((

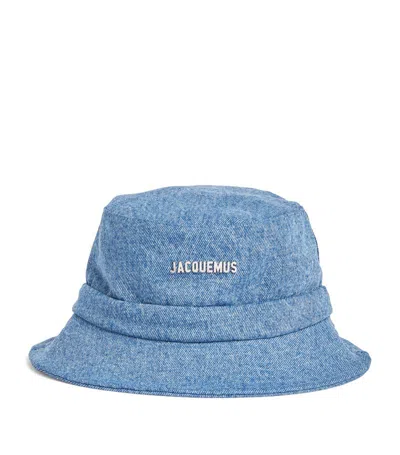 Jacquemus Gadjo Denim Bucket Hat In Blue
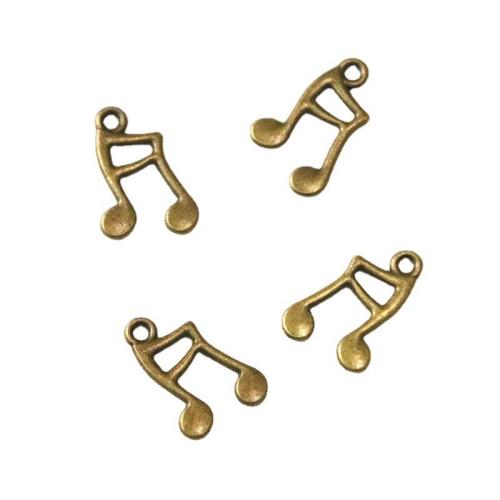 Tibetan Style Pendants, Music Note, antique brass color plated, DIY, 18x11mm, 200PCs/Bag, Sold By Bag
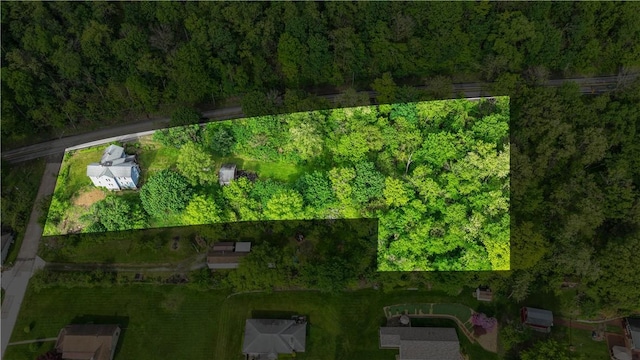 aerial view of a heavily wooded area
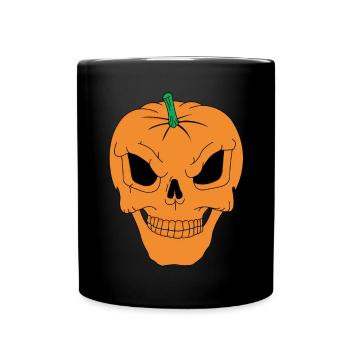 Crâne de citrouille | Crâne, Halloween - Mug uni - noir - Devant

))
((

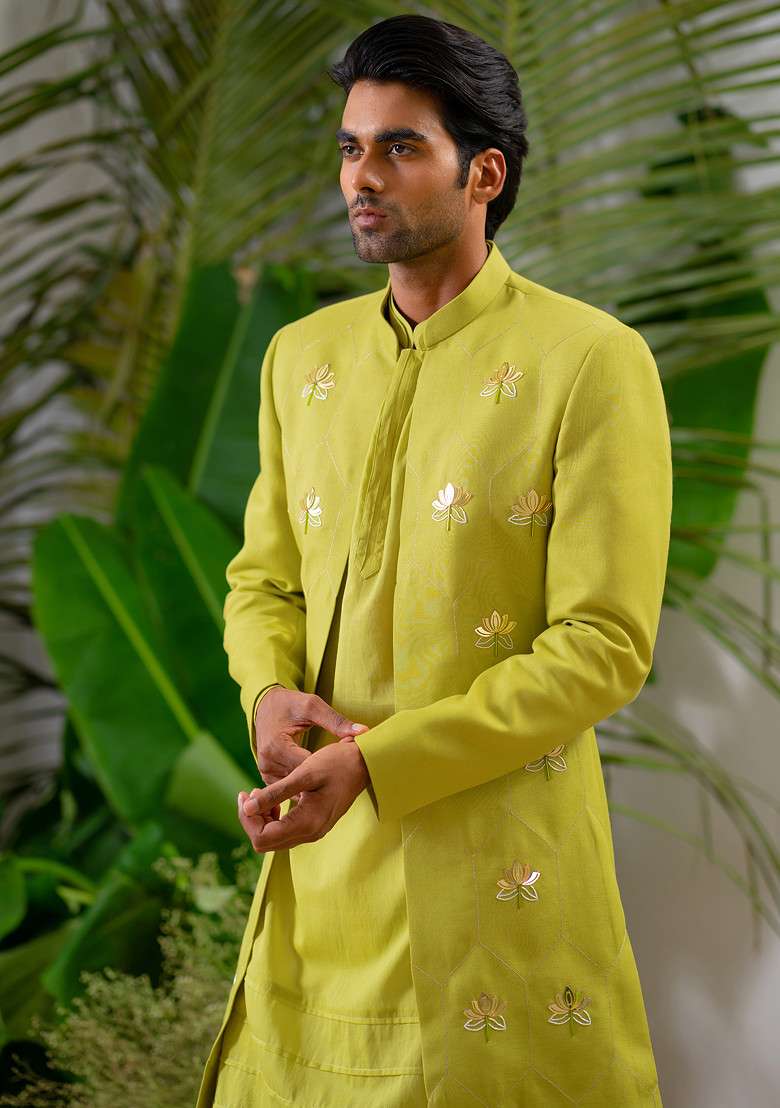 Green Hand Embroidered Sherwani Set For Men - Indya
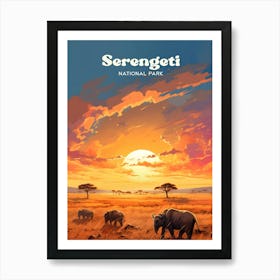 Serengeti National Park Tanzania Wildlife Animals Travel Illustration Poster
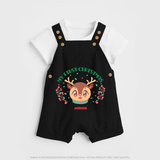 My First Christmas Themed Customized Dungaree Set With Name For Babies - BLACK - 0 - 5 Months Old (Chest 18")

))
((

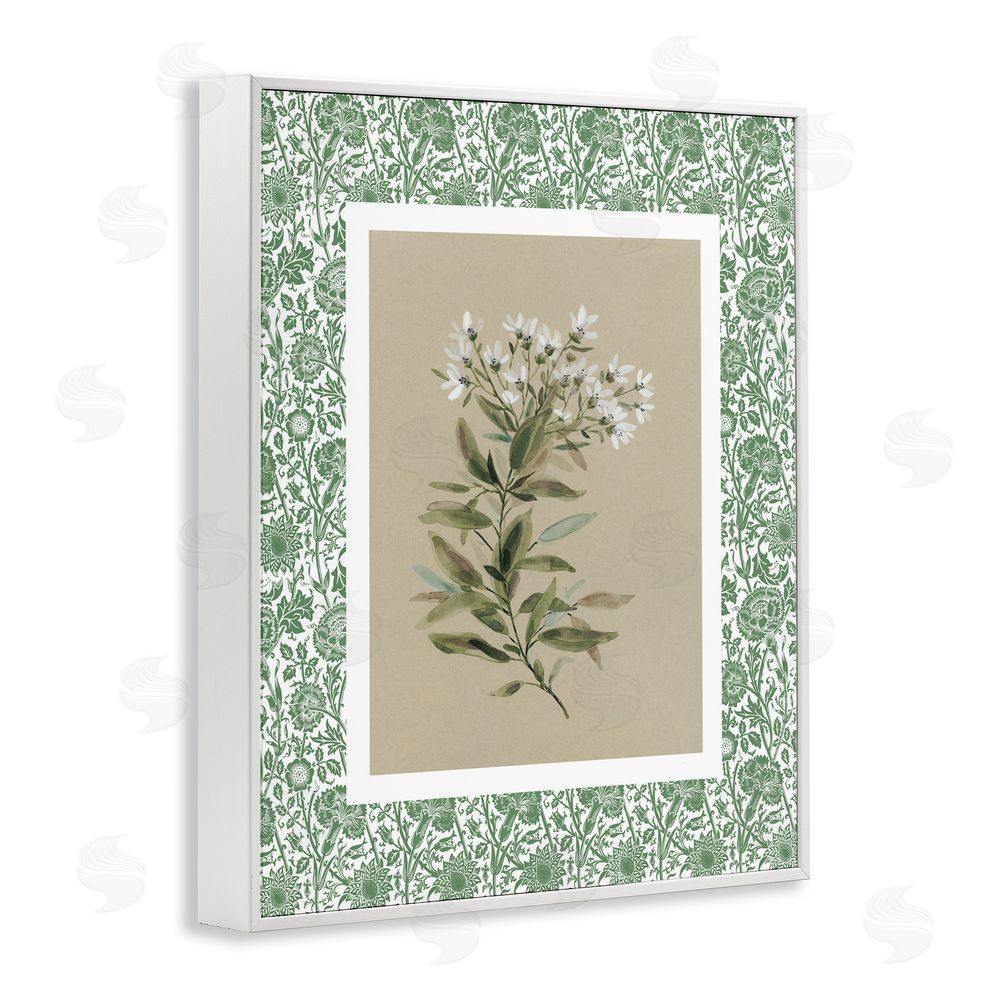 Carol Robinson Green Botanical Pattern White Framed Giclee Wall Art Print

))

_What the task asks_.
For the entries above, print exactly the lines between the one with "aerial view of a heavily wooded area" and the one with "Crâne de citrouille", inclusive, with no pictures.

_Problem solution_.
 aerial view of a heavily wooded area
 Crâne de citrouille | Crâne, Halloween - Mug uni - noir - Devant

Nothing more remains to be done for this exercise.